United Teachers Los Angeles announced Saturday that teachers had ratified by a 2-to-1 margin the framework for evaluating teachers that negotiators for the union and Los Angeles Unified reached in November. The two sides reached a court-ordered deal after a Los Angeles County Superior Court judge ruled in June that the Stull Act, the state law governing teacher evaluations, requires that the district include standardized test scores in a teacher’s review.

Both sides claimed victory with the agreement. Standardized test results and still-to-be-determined district assessments will be among several measures of student academic progress – something that the district had sought. However, the district’s method of calculating the impact of an individual teacher on students’ scores, called Academic Growth Over Time, which UTLA adamantly opposes, will not count as part of an evaluation.

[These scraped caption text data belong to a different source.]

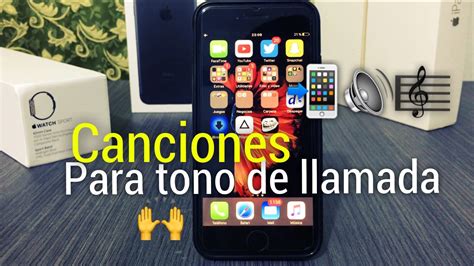 Canciones Como Tono De Llamada Del Iphone Facil Youtube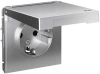 GAL440346 Systeme Electric Schneider Electric ArtGallery цвет алюминий
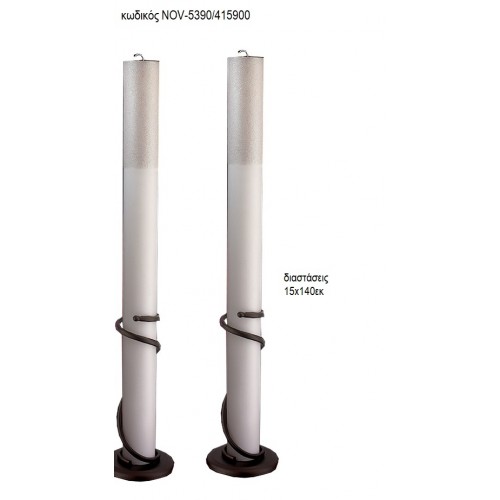 ΛΑΜΠΑΔΑ ΓΑΜΟΥ ΚΟΥΦΙΟ ΚΕΡΙ ΜΕ ΓΚΛΙΤΕΡ ΑΣΗΜΙ NOV-ΚΟΥΦΙΟ ΚΕΡΙ ΜΕ ΓΚΛΙΤΕΡ ΑΣΗΜΙ 5390/415900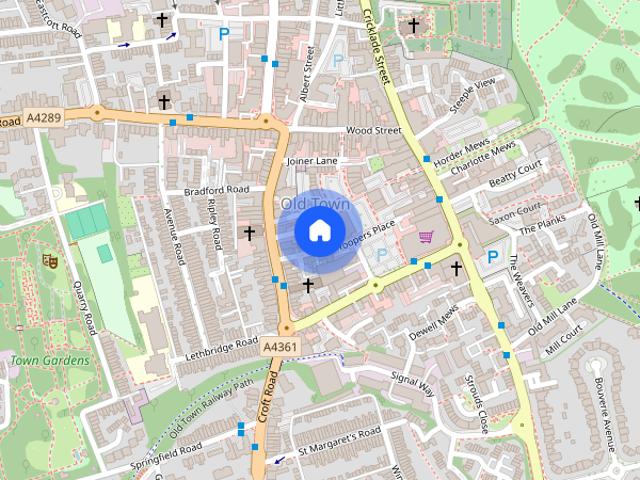 House for rent in Rodbourne, Swindon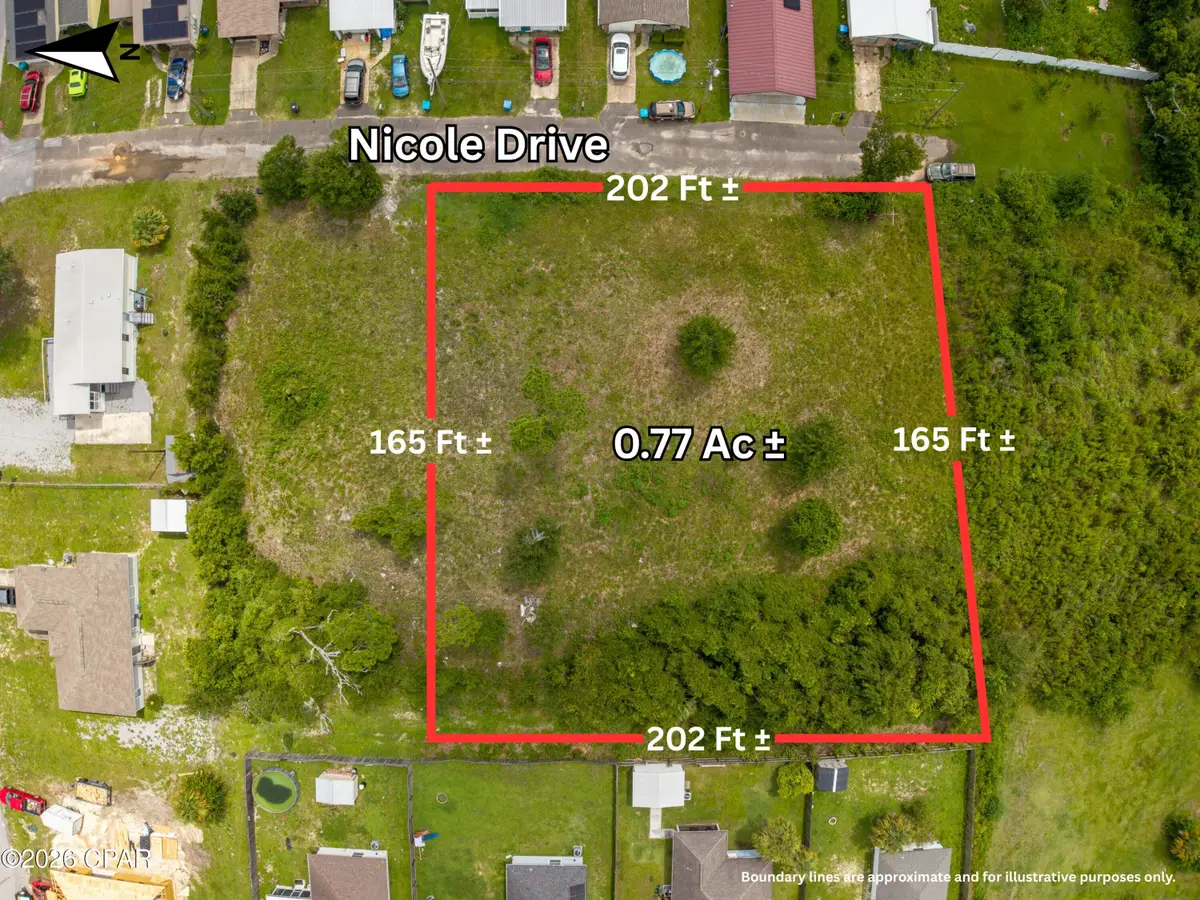 00 Nicole Drive, Panama City, FL 32405 - #1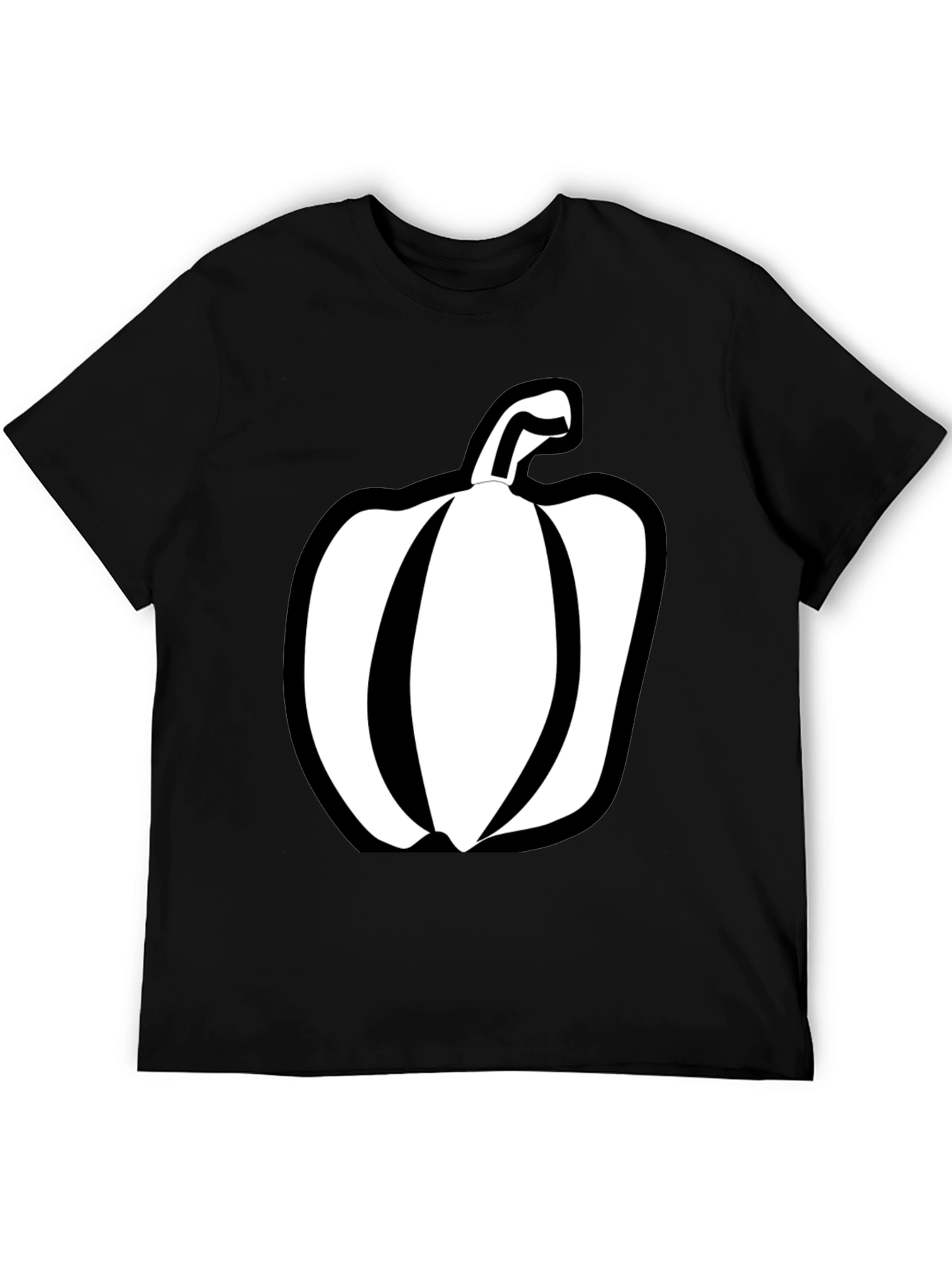 Pumpkin Graphic Tee - Halloween Ready!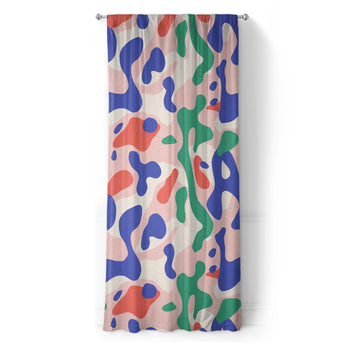 Concetta Pink Green & Purple in Long (50" x 96") Size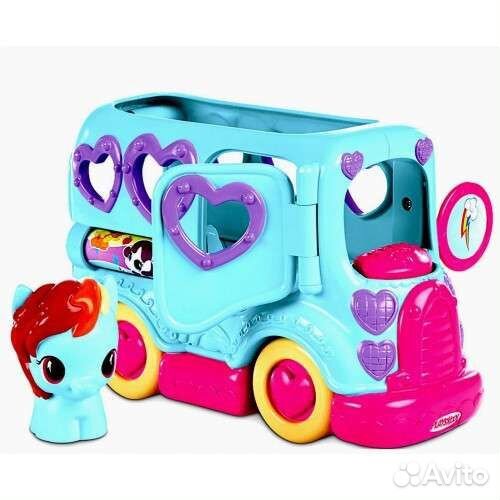 Пони «Мерцание» в трансформирующемся платье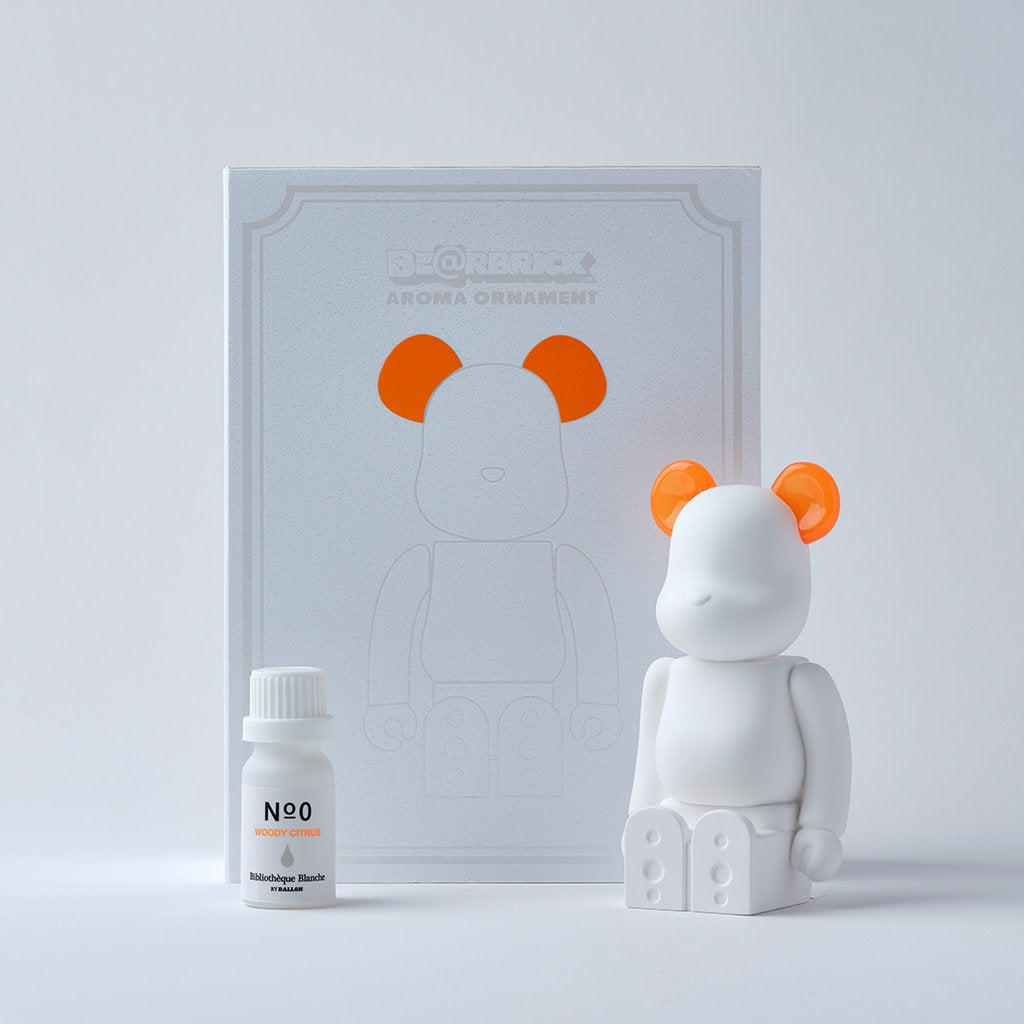Bearbrick Aroma Ornament No.0 - Orange by Medicom Toy x Ballon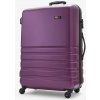 Cestovní kufr ROCK TR-0169/3-L ABS - fialová 86 l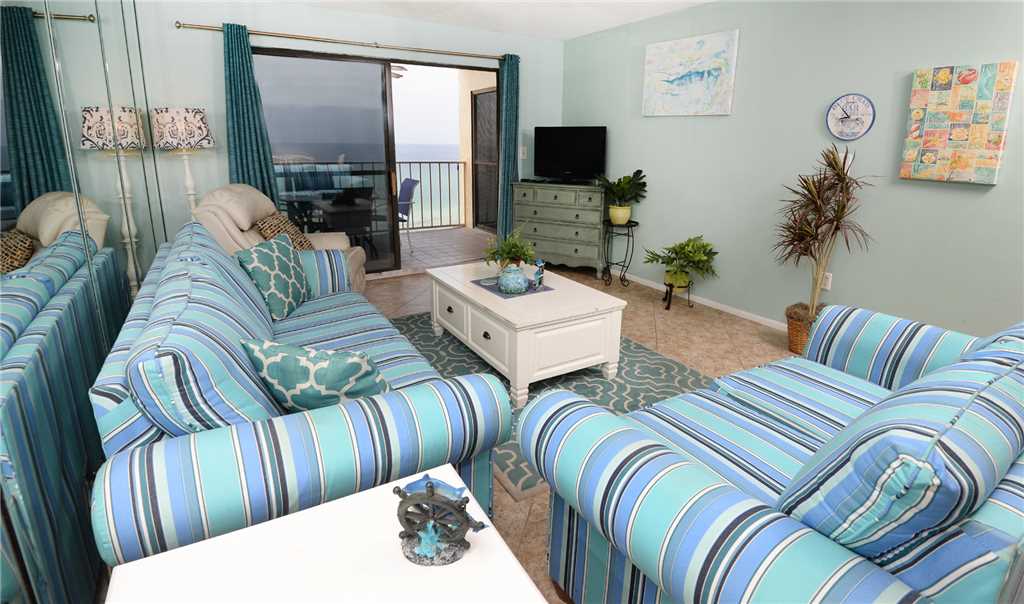 Regency 812 2 Bedrooms Beachfront Wi-Fi Pool Sleeps 8 Condo rental in Regency Towers in Panama City Beach Florida - #2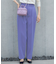 カーブフォルムハイウエストパンツ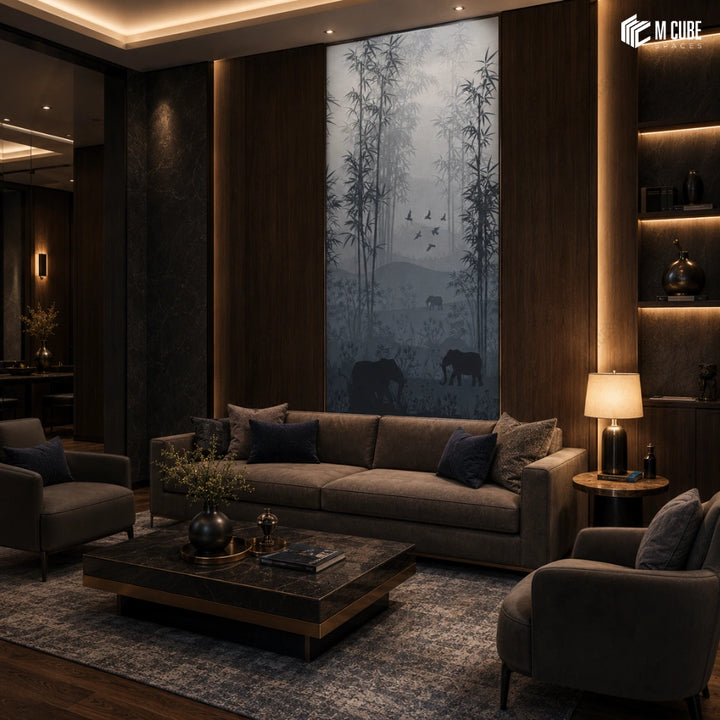 Indian Artistic Digital Laminate – Gaj Vihar | MLA-RBM-189 | 8 ft x 4 ft, 1mm inspiration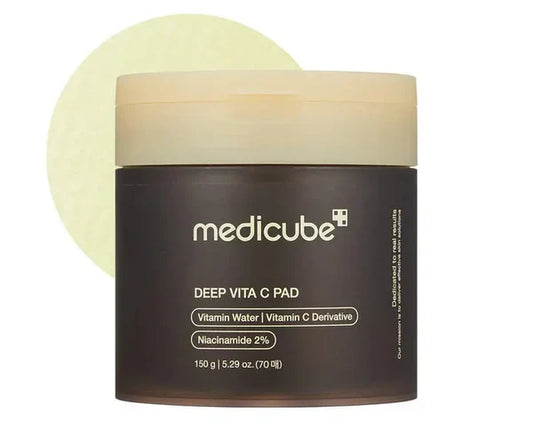 Medicube Deep Vita C Facial Pads 70 sheets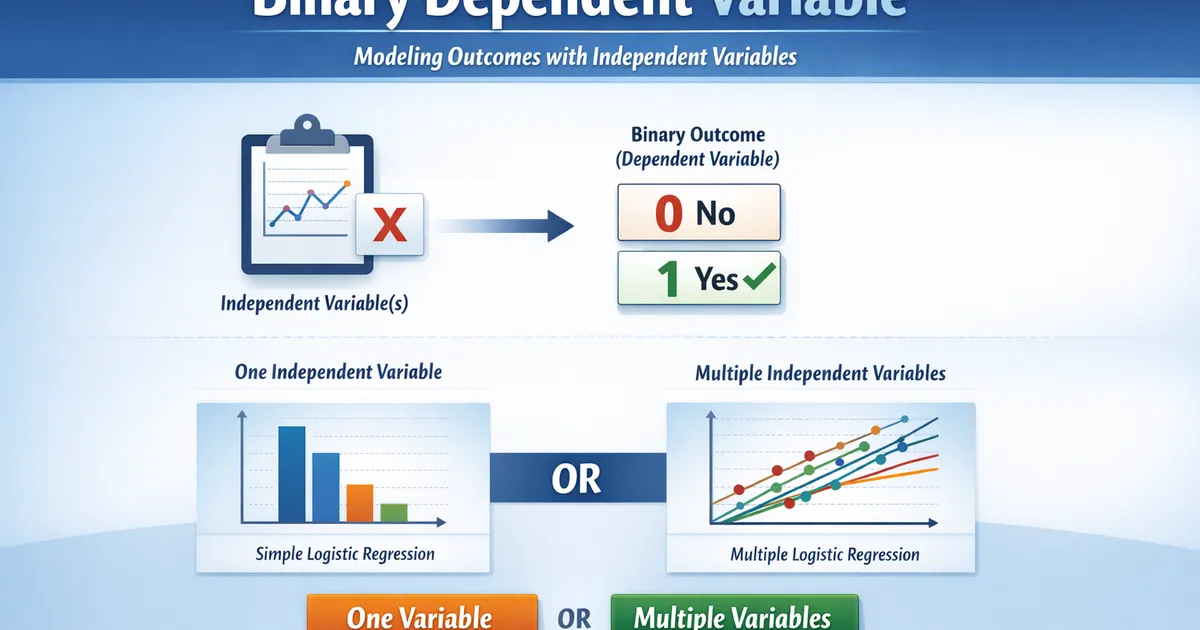 Binary Dependent Variable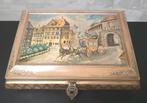 Boite à biscuits ancienne, Verzamelen, Blikken, Ophalen, Zo goed als nieuw, Koek(jes)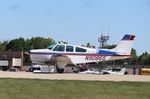 N9086S @ KOSH - Beech F33A - by Mark Pasqualino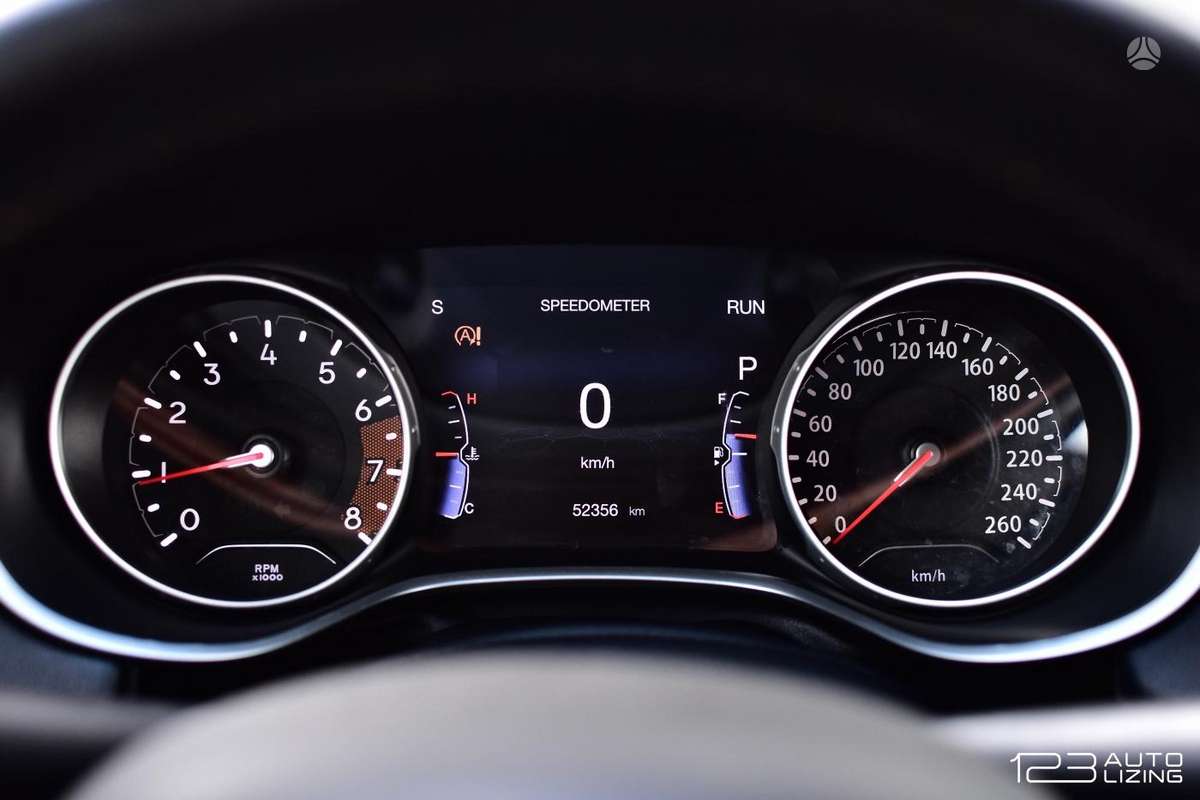 Jeep Compass, 2.4 l., off-road / crossover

UTLA and the district must now negotiate key details of evaluations for future years. Legislators and education groups that support a more effective evaluation law had been waiting for the outcome of the UTLA vote and will be watching closely to see if UTLA and the district can bargain amicably in coming months. Efforts to rewrite an evaluation law last year ended in bitter disagreement over the issue of whether key elements of an evaluation should be left to bargaining or should be the district’s determination.

About half of UTLA members voted on the agreement. The result was 11,185 (66 percent) in favor and 5,707 (34 percent) opposed.